19. Feb. 2025 © grundrechtekomitee
Demokratie / Menschenrechte / Rechtsstaatlichkeit

Gemeinsame Erklärung: Gegen die Angriffe auf den demokratischen Rechtsstaat!

Am 19.2.2025 veröffentlicht das Grundrechtekomitee gemeinsam mit fünf anderen Organisationen die folgende Erklärung. 


Als Bürger:innen- und Menschenrechtsrechtsorganisationen sowie als juristische Berufsvertretungen wenden wir uns mit Nachdruck gegen die Infragestellung rechtsstaatlicher Mechanismen in diesem Bundestagswahlkampf. Überzogene Law and Order-Forderungen und verfassungswidrige Gesetze sind für uns nichts neues, gegen diese politisch und juristisch vorzugehen, ist schon lange ein Teil unserer Arbeit. Aber dieser Wahlkampf hat eine andere, gefährliche Qualität: Im Zuge einer radikalisierten Migrationspolitik, die durch den Aufstieg der AfD in den Wahlumfragen begünstigt wird, werden das Recht an sich und die Institutionen des Rechtsstaats, allen voran die Gerichte und die Rechtsanwaltschaft, auch von demokratischen Parteien offen in Zweifel gezogen. Durch die Zustimmung zum sog. „5-Punkte-Plan“ fordern CDU/CSU, FDP, BSW und AfD unverhohlen den Bruch mit Europarecht und Verfassungsrecht. Durch einen kalkulierten Rechtsbruch qua permanenter Grenzkontrollen soll Druck auf die europäische Gesetzgebung ausgeübt werden. Ob Urteile des Europäischen Gerichtshofs noch umgesetzt werden, ist zu einer offenen Frage geworden. In den letzten Jahren ist neben dem Migrationsrecht auch im Klima- und Umweltrecht öfter von einem sog. „exekutiven Ungehorsam“ die Rede, indem Gerichtsentscheidungen seitens der Regierung und Verwaltung schlicht ignoriert werden. Hinter vorgehaltener Hand sprechen Politiker:innen aus den Reihen der CDU laut Medienberichten bereits von den „Scheiß-Gerichten“. Sie stoßen in eine rhetorische Kerbe, die unter den extrem rechten Regierungen in Italien, Polen und in Ungarn bereits autoritär umgeschlagen ist: Richter:innen werden zu Feinden des Staates erklärt. SPD und Grüne haben in der denkwürdigen Sitzungswoche des Bundestages Ende Januar 2025 zwar rhetorisch den Rechtsstaat hochgehalten, aber auch sie selbst haben zuvor in der Migrations- und Sicherheitsgesetzgebung europa- und verfassungswidrige Vorhaben vorangetrieben: darunter zuletzt die Kontrollen an den deutschen EU-Binnengrenzen und das „Sicherheitspaket“ vom 18. Oktober 2024.
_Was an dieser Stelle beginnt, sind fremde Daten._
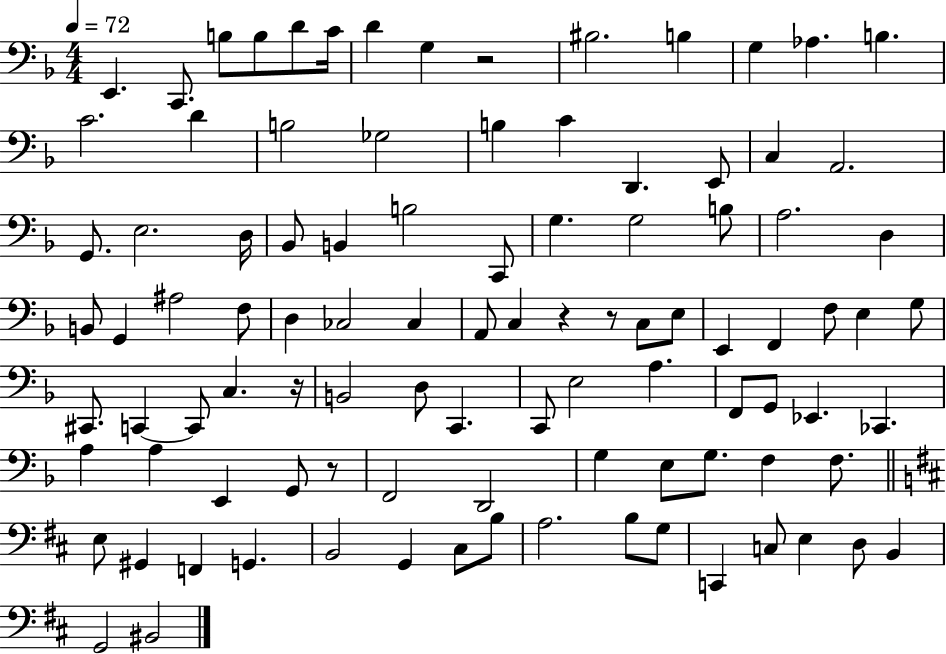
{
  \clef bass
  \numericTimeSignature
  \time 4/4
  \key f \major
  \tempo 4 = 72
  \repeat volta 2 { e,4. c,8. b8 b8 d'8 c'16 | d'4 g4 r2 | bis2. b4 | g4 aes4. b4. | \break c'2. d'4 | b2 ges2 | b4 c'4 d,4. e,8 | c4 a,2. | \break g,8. e2. d16 | bes,8 b,4 b2 c,8 | g4. g2 b8 | a2. d4 | \break b,8 g,4 ais2 f8 | d4 ces2 ces4 | a,8 c4 r4 r8 c8 e8 | e,4 f,4 f8 e4 g8 | \break cis,8. c,4~~ c,8 c4. r16 | b,2 d8 c,4. | c,8 e2 a4. | f,8 g,8 ees,4. ces,4. | \break a4 a4 e,4 g,8 r8 | f,2 d,2 | g4 e8 g8. f4 f8. | \bar "||" \break \key d \major e8 gis,4 f,4 g,4. | b,2 g,4 cis8 b8 | a2. b8 g8 | c,4 c8 e4 d8 b,4 | \break g,2 bis,2 | } \bar "|."
}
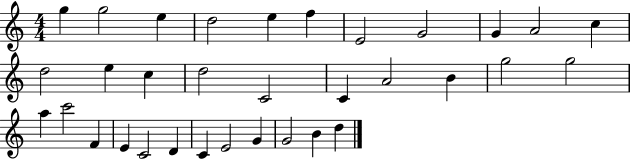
X:1
T:Untitled
M:4/4
L:1/4
K:C
g g2 e d2 e f E2 G2 G A2 c d2 e c d2 C2 C A2 B g2 g2 a c'2 F E C2 D C E2 G G2 B d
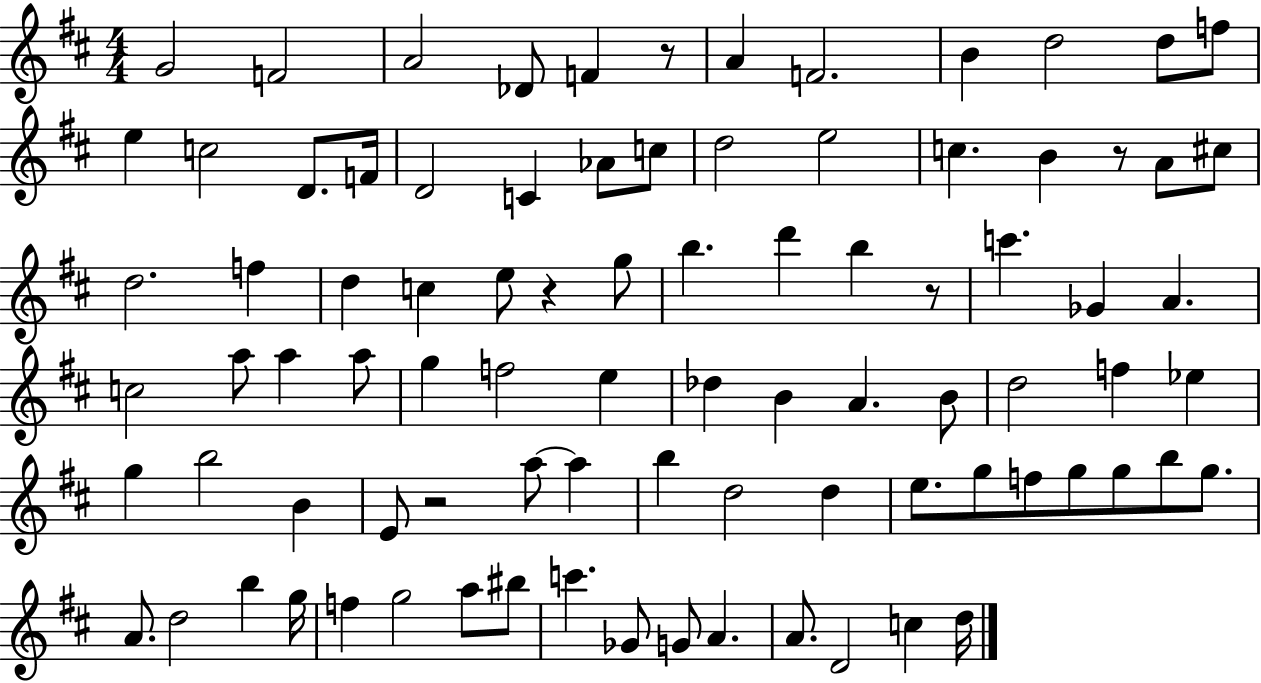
G4/h F4/h A4/h Db4/e F4/q R/e A4/q F4/h. B4/q D5/h D5/e F5/e E5/q C5/h D4/e. F4/s D4/h C4/q Ab4/e C5/e D5/h E5/h C5/q. B4/q R/e A4/e C#5/e D5/h. F5/q D5/q C5/q E5/e R/q G5/e B5/q. D6/q B5/q R/e C6/q. Gb4/q A4/q. C5/h A5/e A5/q A5/e G5/q F5/h E5/q Db5/q B4/q A4/q. B4/e D5/h F5/q Eb5/q G5/q B5/h B4/q E4/e R/h A5/e A5/q B5/q D5/h D5/q E5/e. G5/e F5/e G5/e G5/e B5/e G5/e. A4/e. D5/h B5/q G5/s F5/q G5/h A5/e BIS5/e C6/q. Gb4/e G4/e A4/q. A4/e. D4/h C5/q D5/s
Gegen die Einhaltung des gesetzten Rechts wird von Politiker:innen und in Teilen der Medien das Argument vorgebracht, das Recht dürfe nicht gegen „den Willen des Volkes stehen“. Falls es dies tue, müsse es verändert werden. Aber erstens geht es bei den allermeisten rechtlichen Aspekten, die aktuell infrage gestellt werden, nicht um einfaches Gesetzesrecht. Stattdessen geht es um Grund- und Menschenrechte, internationale und europäische Verträge oder um die Unabhängigkeit der Gerichtsbarkeit an sich. Richtig ist, dass das Recht immer das Ergebnis von gesellschaftlichen Aushandlungsprozessen ist. Aber unteilbare Grund- und Menschenrechte dürfen in politischen Verhandlungen nicht zur Disposition stehen. Im Übrigen lässt sich Recht nicht mit einem Faustschlag von Regierungsvertretern auf den Tisch hinwegfegen, sondern muss selbst Gegenstand von Verfahren im Parlament oder mit Partnern aus anderen Ländern sein. Zweitens sind diese Rechtsgrundlagen gerade in Deutschland das Ergebnis der historischen Erfahrungen aus zwei Weltkriegen und der NS-Herrschaft. Sie sind ein Teil der Aufarbeitung von Vergangenheit, die nichts an ihrer Gültigkeit verloren hat. Dazu zählt vor allem die Unteilbarkeit der menschlichen Würde und die Gleichheit aller Menschen vor dem Gesetz, auch unabhängig von ihrer Herkunft. Und drittens geht die Gegenüberstellung von Demokratie und Recht implizit von einer „vollständigen“ Demokratie aus, in der die Interessen aller repräsentiert werden. Aber in unseren aktuellen demokratischen Verfahren sind Armutsbetroffene, die Mehrzahl der Lohnabhängigen, migrantische Personen ohne europäische Staatsbürgerschaft und solche diverser sexueller Orientierung viel zu oft ausgeschlossen. Um ihre Positionen in der Gesellschaft zu verbessern bedarf es einer Veränderung politischer Machtverhältnisse. Solange das aber nicht passiert ist, können diese Menschen in Verfahren vor Gericht mittels der Grund- und Menschenrechte ihren Platz und ihre Teilhabe an dieser Gesellschaft geltend machen.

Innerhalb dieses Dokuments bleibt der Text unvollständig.